Laser engineers and scientists have known for a long time that lasers can deliver enough power to blow away stuff the beam hits, and, consequently, they have found a place on the factory floor for laser machining, laser welding and laser cutting. Laser machining mainly has been a domain for bulk material removal, but a related question has been whether a laser process can be developed to remove very thin layers of material, such as coatings or surface contamination.

The short answer is, yes. Engineers at General Lasertronics Corp. (San Jose, Calif.) have figured out how to remove coatings and other surface layers without damaging the underlying substrate using a pulsed laser. Ralph Miller, vice president of marketing communications and one of the company founders, explained in an interview that the trick is to selectively ablate coatings based on their color or texture.

The first application (and the largest market) is aviation, where it is used to remove paint, corrosion, sealants and dirt for repair and refinishing. Lasers easily could damage the underlying aluminum, so the company developed a closed-loop fiber optic system with a selectivity sensor that provides a real time response. Miller says, “We look before we fire. When the paint’s gone, the laser quits trying.”

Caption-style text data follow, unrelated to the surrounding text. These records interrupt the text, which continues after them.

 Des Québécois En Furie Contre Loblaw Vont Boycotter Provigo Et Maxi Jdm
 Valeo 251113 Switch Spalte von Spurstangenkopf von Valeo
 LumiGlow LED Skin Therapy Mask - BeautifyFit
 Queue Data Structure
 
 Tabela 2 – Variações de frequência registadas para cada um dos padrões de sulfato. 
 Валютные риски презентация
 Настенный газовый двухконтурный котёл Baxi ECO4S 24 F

Besides color, the tool can be programmed to selectively remove coatings with certain textures, as determined by optical properties, such as reflectivity or luminescence. As long as there is enough contrast (color or texture) between the surface and the substrate, only the surface layer will be removed. In multilayer situations, the selectivity can be programmed such that layers are ablated in successive passes of the tool leaving “setback” areas, for example, areas where the intermediate layers are visible between the primer and the topcoat in a desired pattern.

The laser is a pulsed, Q-switched Nd:YAG and delivers an output of about 300-375 watts to the surface of the workpiece. As the video shows, the pulsed beam “jumps” around on the surface. Miller says the beam itself is in constant motion, either in an x-y scan pattern or a spiral pattern, and the spot does not return to any location it has already visited.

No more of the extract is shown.